For the last fifteen years, Steve Galchutt has been hiking Colorado’s highest peaks with his pack goats in order to send ham radio signals from the summits. Steve is an active member of Summits On The Air (SOTA), an international network of folks who participate in an amateur radio-sport that combines mountaineering and ham radio. Folks called activators hike to a summit and send out a signal, and people called chasers listen for it, either from the comfort of their own home or from a local hilltop. Steve’s signals, sent from many of the major peaks on Colorado’s Front Range, are picked up across the United States as well as Europe, South America, Asia, and New Zealand. Sometimes it even makes it to such far-flung places as Ukraine.
As you might imagine, hauling portable radio equipment with heavy batteries and antennas plus your food, water, and high-altitude survival gear to mountain summits ten to thirteen thousand feet above sea level is no easy task, which is why Steve is also a goat packer. Steve notes that “recent battery technology and the shrinking size of electronic devices has lightened our load significantly; in fact, the need for goats has diminished other than they are now—more importantly—my best trail buddies!”
Fifteen years ago, Steve bought a Sable-Saanen from a dairy and named him Rooster. He also adopted a meat goat from a family commune in the San Luis Valley and named him Peanut.
“I know that even though I thought I was ‘rescuing’ him from the butcher,” Steve likes to say, “I know he rescued me in many ways from myself—’cause those sweet, kind, never-quit-attitude animals do that to humans!”
Steve likes to tell the story of a hike in 1998 up Bison Peak in the Tarryall’s that he took with a few friends and Peanut: “On reaching the summit, we found a rock-walled basin to sit in to get out of the wind to enjoy our lunch and the views. I pulled out my PB&J sandwich and all of a sudden, Peanut is leaning over my shoulder as if to say ‘So, you gonna share the sandwich we me, right?’”
Steve refused his goat’s request and thought that was the end of it until Peanut climbed up on the rock wall and begun to pee.

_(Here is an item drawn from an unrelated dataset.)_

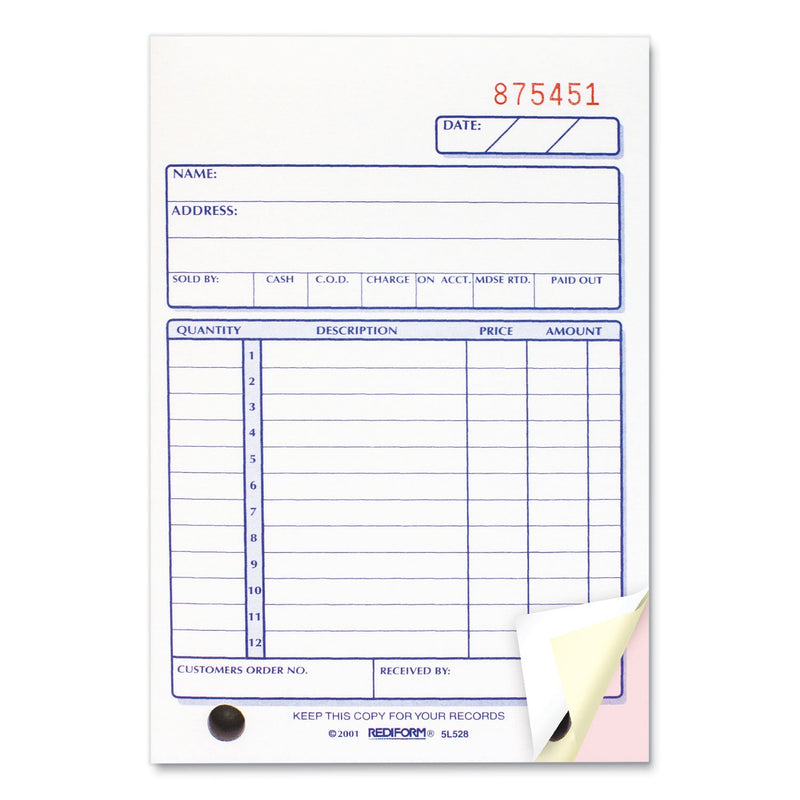 Rediform Sales Book, Three-Part Carbonless, 4.25 x 6.38, 1/Page, 50 Forms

The wind caught it, which resulted in Steve—and his sandwich, mind you—being lightly misted with goat urine.
Needless to say, Peanut ended up enjoying that entire sandwich. Steve always wondered if maybe Peanut had known what he was doing all along. Those goats are pretty smart creatures, after all.
Peanut was joined soon thereafter by Rooster, and the two packgoats spent many years on the trail with Steve and his friends and family, both on SOTA adventures and on family backcountry trips. The goats would ride to the trailhead in the back of his Tacoma pickup truck, in a customized cap that Steve calls The Goatwagon.
Rooster and Peanut have both been survived by Boo Goat, whom Steve got four years ago when the goat was about three. Boo Goat and Steve are still learning to be trail buddies, as one of the drawbacks to getting an older goat is that the goat doesn’t bond to his owner as well. Boo Goat has a tendency, when around lots of other people, to leave with the wrong herd sometimes.
Steve is the type of man who can easily switch between a discussion of ionospheric fluctuations and one about Colorado wildflowers. At seventy-six years old, Steve estimates he’s spent about 10% of his life above treeline and he admits he feels more at home in the woods than in town. His packgoats, while instrumental in helping him achieve that feat, are so much more than that.
Recently, Steve’s hiking buddy Peanut reached the end of his long life. Arthritis had rendered the goat virtually immobile. He had lost most of his teeth and was unable to chew any food, so Steve made the hard decision to put him down.
“It was so dang hard,” Steve said, a catch in his throat, “Saying goodbye to your faithful friend who has stood by you through thick and thin.”